デューク・アドリブ帖

超絶変態ジャズマニア『デューク・M』の独断と偏見と毒舌のアドリブ帖です。縦横無尽、天衣無縫、支離滅裂な展開です。

ジョシュア・レッドマンはピーナッツを幾つ食べたのだろう

2009-02-08 08:37:17 | Weblog
 「鬼は外、福は内」、不況を反映してだろうか、今年の節分はどこの家庭でもひときわ声が高い。関東方面では炒り大豆を撒くようようだが、北海道では落花生が慣わしになっており、厄払いの後で殻を割って食べるピーナッツはビールという福の友になる。

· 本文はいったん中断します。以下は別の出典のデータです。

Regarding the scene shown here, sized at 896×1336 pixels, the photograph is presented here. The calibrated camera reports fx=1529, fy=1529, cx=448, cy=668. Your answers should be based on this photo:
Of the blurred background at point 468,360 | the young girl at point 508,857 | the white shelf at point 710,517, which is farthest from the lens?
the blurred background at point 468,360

新鮮なピーナッツはそのまま食しても美味しいが、バターと塩で炒めるとさらに風味も増し、いつのまにか空き瓶が並ぶ。

 「ソルト・ピーナッツ」は、バップの申し子であるディジー・ガレスピーとケニー・クラークがエラ・フィッツジェラルドのバンド時代に合作した曲で、バップの夜明けを象徴する作品だ。メロディー、ハーモニー、リズムと、それまでのジャズの概念を崩し、さらに細分化されたコード・チェンジによる即興は、後のジャズの方向性まで決定することになる。まさにジャズの革命ともいうべき作品の名演は、ピーナッツと相性のいい柿の種のような、ガレスピーとパーカーが共演した53年のマッセイホールに収録されて、バップが持つ斬新性とそこから生まれる既成概念に囚われないアドリブの妙が凝縮されている。

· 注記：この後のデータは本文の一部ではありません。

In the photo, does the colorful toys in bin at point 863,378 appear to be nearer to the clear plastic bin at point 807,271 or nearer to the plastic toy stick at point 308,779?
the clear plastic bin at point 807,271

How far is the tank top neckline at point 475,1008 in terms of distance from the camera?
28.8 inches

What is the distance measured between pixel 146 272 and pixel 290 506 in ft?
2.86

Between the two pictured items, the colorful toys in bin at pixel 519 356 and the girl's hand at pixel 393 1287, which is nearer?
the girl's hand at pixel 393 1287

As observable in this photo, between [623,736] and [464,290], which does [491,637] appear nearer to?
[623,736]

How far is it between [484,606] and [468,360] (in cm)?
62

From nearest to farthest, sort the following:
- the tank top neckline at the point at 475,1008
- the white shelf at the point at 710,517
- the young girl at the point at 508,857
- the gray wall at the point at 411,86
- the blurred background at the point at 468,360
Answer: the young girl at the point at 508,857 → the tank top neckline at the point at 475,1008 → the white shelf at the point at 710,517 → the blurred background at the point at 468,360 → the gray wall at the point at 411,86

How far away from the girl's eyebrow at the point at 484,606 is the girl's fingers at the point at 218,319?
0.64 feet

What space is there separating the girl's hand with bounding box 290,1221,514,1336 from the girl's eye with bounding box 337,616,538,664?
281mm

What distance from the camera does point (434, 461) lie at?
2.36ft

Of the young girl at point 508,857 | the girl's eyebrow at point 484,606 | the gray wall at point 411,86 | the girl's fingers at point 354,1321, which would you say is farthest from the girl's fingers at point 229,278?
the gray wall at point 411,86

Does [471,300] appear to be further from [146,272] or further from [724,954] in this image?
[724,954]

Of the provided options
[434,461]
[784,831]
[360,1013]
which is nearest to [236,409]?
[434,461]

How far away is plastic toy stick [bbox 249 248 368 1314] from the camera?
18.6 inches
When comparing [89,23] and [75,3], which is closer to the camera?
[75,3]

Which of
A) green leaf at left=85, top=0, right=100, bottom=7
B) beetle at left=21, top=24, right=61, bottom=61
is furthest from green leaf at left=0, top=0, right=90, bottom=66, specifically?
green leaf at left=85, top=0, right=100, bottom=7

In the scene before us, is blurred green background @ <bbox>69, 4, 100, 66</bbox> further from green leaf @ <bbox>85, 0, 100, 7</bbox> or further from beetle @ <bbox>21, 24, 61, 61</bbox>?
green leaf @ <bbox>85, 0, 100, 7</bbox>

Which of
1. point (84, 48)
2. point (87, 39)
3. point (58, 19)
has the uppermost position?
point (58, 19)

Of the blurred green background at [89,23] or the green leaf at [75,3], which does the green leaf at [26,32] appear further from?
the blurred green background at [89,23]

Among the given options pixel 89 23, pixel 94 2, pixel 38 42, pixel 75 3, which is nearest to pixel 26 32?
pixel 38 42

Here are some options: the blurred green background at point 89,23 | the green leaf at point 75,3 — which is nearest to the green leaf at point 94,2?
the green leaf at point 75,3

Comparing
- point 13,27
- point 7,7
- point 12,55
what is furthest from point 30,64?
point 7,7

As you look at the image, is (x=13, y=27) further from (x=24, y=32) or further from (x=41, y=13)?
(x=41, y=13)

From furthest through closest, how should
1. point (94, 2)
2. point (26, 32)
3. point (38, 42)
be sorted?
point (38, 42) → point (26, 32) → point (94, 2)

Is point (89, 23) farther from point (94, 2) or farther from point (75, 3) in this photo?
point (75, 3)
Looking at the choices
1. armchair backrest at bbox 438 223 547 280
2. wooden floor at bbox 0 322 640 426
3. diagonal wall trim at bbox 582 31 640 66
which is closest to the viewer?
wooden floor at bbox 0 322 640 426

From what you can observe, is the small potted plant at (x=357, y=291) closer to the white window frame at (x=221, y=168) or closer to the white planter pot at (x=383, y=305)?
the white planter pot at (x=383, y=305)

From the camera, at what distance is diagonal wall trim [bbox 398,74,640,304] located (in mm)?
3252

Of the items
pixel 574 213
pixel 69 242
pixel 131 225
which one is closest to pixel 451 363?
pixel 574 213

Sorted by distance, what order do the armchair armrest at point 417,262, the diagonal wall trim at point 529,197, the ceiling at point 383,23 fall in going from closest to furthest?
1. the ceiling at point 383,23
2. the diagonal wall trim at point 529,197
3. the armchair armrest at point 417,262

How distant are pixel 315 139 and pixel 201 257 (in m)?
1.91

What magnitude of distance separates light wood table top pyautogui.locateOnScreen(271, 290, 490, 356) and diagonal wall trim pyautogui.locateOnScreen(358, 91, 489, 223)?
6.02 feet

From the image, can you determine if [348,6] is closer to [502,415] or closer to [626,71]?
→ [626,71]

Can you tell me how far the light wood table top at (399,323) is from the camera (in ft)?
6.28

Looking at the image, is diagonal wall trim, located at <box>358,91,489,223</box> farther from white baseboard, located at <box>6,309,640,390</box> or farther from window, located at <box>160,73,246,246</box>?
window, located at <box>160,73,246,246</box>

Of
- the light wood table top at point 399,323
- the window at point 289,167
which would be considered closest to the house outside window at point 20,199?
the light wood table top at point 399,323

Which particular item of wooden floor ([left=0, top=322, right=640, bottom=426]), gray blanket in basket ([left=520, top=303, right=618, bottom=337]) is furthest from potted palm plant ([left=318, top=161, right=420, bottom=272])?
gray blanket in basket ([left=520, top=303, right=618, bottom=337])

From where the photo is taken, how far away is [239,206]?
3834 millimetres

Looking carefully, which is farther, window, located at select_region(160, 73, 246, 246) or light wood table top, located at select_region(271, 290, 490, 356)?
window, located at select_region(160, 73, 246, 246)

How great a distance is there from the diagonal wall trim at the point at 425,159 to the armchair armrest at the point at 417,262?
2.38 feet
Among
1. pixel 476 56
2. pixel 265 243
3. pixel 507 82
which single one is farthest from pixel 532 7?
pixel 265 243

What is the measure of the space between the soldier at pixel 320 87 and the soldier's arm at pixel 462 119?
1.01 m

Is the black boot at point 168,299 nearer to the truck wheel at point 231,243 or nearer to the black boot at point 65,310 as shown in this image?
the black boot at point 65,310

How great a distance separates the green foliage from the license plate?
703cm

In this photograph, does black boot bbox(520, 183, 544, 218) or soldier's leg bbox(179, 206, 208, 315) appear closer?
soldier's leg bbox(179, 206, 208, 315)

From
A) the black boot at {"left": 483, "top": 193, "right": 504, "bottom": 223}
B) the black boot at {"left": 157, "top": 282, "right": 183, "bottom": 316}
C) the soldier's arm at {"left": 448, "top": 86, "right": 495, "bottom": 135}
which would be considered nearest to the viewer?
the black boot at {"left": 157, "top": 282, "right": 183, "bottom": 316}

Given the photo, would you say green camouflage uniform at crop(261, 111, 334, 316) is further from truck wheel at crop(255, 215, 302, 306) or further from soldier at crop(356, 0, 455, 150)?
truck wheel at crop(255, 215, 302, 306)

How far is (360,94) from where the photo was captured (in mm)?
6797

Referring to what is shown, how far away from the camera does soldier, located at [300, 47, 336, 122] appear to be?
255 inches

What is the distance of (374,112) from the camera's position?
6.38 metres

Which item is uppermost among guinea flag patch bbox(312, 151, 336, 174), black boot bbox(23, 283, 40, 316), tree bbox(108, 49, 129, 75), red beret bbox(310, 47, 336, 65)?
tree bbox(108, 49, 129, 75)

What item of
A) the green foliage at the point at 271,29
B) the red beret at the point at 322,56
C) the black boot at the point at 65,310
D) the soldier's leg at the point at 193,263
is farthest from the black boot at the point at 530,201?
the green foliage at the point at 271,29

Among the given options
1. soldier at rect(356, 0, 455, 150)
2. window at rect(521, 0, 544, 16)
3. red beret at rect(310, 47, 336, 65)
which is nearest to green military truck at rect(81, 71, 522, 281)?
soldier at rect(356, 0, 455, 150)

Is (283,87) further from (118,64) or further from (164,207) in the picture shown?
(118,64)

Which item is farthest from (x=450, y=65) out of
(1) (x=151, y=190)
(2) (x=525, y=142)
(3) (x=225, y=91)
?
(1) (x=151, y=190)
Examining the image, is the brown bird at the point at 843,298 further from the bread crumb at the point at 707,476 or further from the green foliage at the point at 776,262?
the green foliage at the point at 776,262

 42年に作られた曲は最近ほとんど演奏されなくなったが、ジョシュア・レッドマンが93年の初リーダー作「Joshua Redman」で取り上げていた。同じくサックス奏者のデューイ・レッドマンを父に持つジョシュアは、ハーヴァード大学を卒業後、セロニアス・モンク・コンペティションで優勝し、鳴り物入りでデビューを飾った人である。ブルース、スタンダード、ファンク、バップ、オリジナルと幅の広さをアピールしたアルバムで、「ソルト・ピーナッツ」を急速なテンポで一気に吹き上げる様は大物の風格さえある。その後の活躍は目を見張るものがあり、その成長はバップの古典を取り上げるだけの伝統を踏まえていたからだろう。

 歳の数だけ食べると健康でいられると言われ、子どものころからその習慣は続いているが、さすがに50を超えるといささか飽きてくる。来年はもう一つ増えるのか、と溜息混じりに外を見ると出て行ったばかりの鬼が笑っていた。